"""
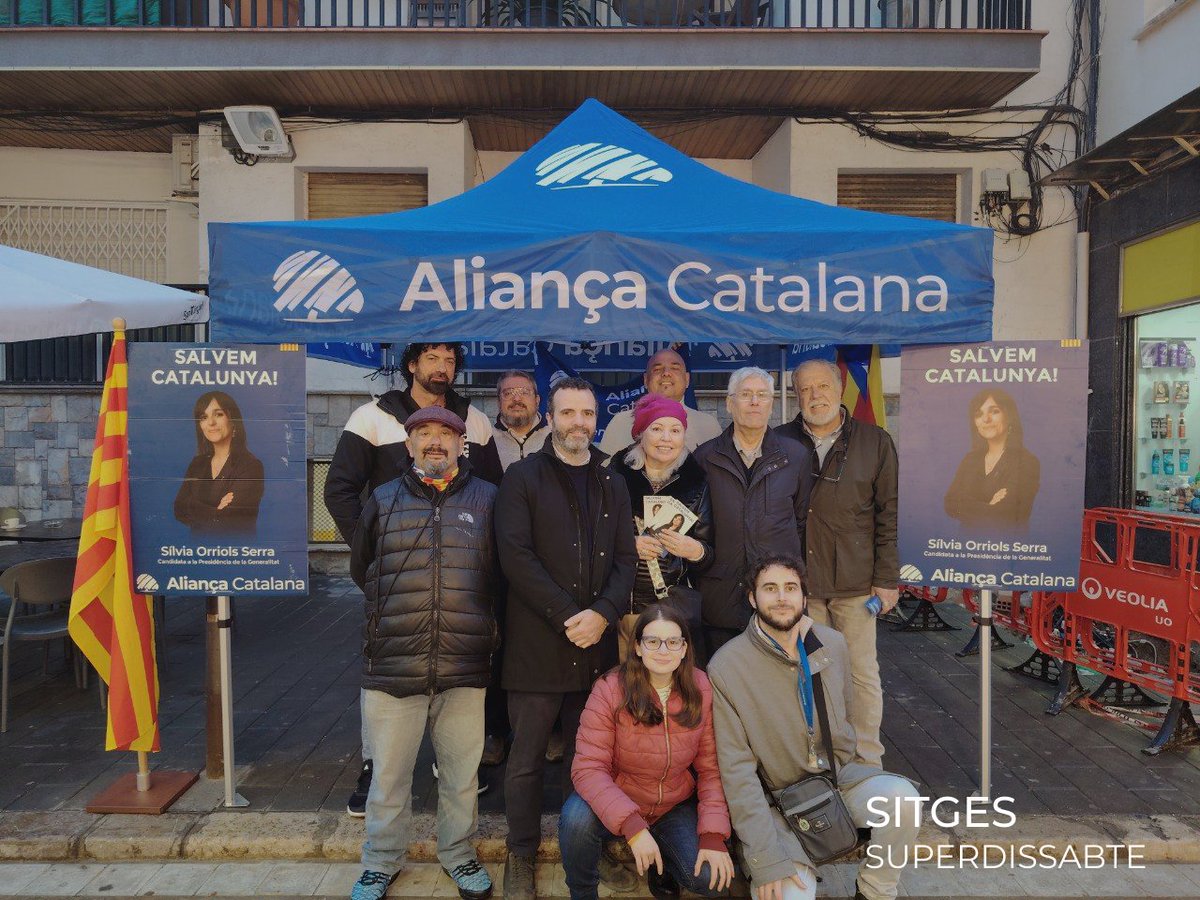 Garraf_AC's tweet photo. Plogui o faci sol, el Garraf hi és.

Avui a #SantPeredeRibes i a #Sitges pel SUPERDISSABTE de @CatalunyaAC

Al carrer, amb la gent. Sempre.

#SalvemElGarraf 💙 https://t.co/UpCdArAj2s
"""
Write out the data above exactly as it appears, but without any image.

 Garraf_AC's tweet photo. Plogui o faci sol, el Garraf hi és.

Avui a #SantPeredeRibes i a #Sitges pel SUPERDISSABTE de @CatalunyaAC

Al carrer, amb la gent. Sempre.

#SalvemElGarraf 💙 https://t.co/UpCdArAj2s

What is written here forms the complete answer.